● What the task asks: An exact copy of the entries, with every picture omitted, is what is needed here.
○ ○ ○
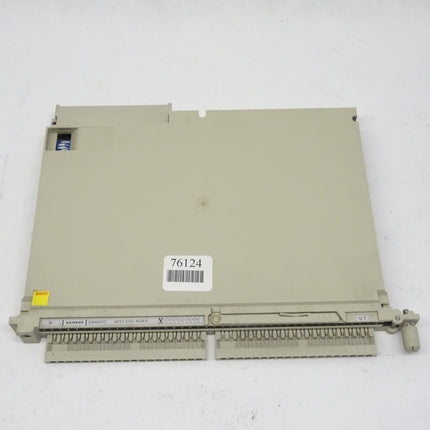 Siemens Simatic S5 6ES5420-4UA11 / 6ES5 420-4UA11 E:01-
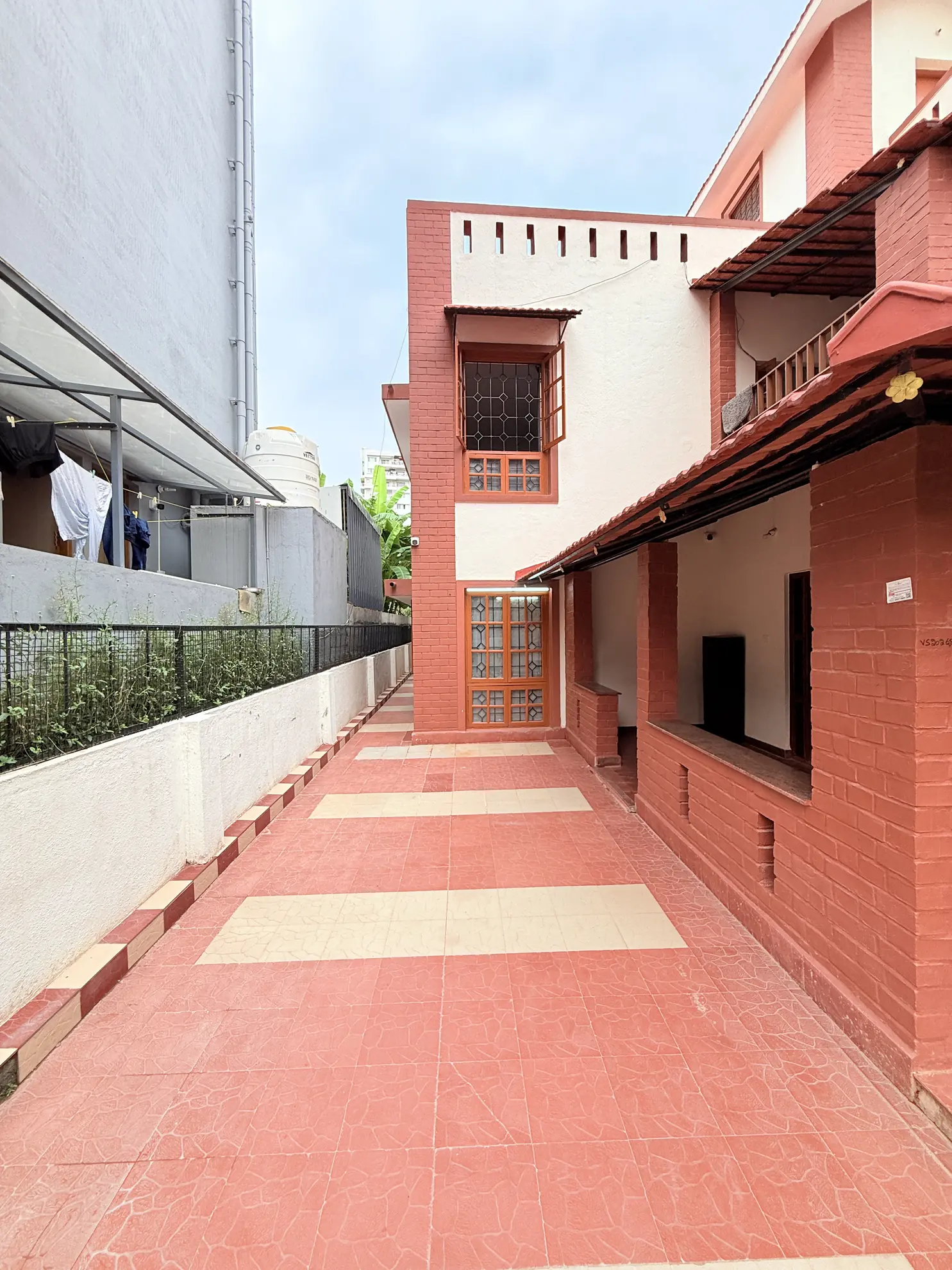 Entrance and Parking 5 at Silicon Hideaway, Bengaluru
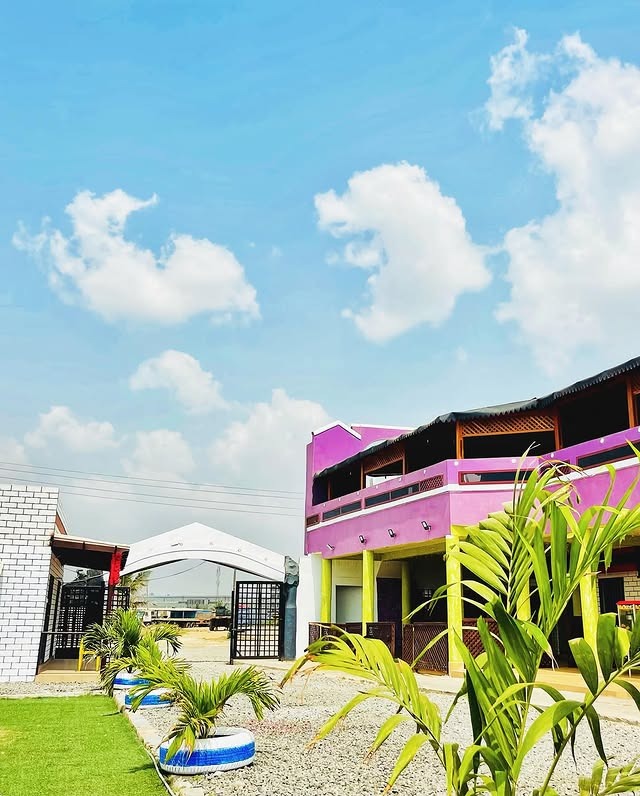 Partial Front view at the entrance of De Place @ De Beach Hotel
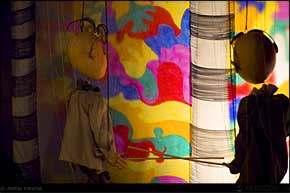 KERUCOV .ro - Fotografie si Jurnale de Calatorie - Teatru de papusi in Matasari 17: Tara lui Gufi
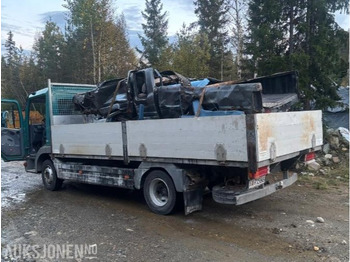 شاحنات مسطحة 1998 Mercedes-Benz Atego 815/36: صورة 5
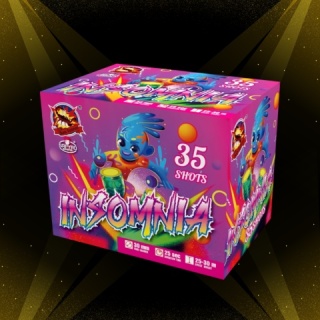 Insomnia 35 strzałów 30 mm CLE4365 F2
○ ○ ○
● Expected answer:
 Siemens Simatic S5 6ES5420-4UA11 / 6ES5 420-4UA11 E:01-
 Entrance and Parking 5 at Silicon Hideaway, Bengaluru
 Partial Front view at the entrance of De Place @ De Beach Hotel
 KERUCOV .ro - Fotografie si Jurnale de Calatorie - Teatru de papusi in Matasari 17: Tara lui Gufi
 شاحنات مسطحة 1998 Mercedes-Benz Atego 815/36: صورة 5
 Insomnia 35 strzałów 30 mm CLE4365 F2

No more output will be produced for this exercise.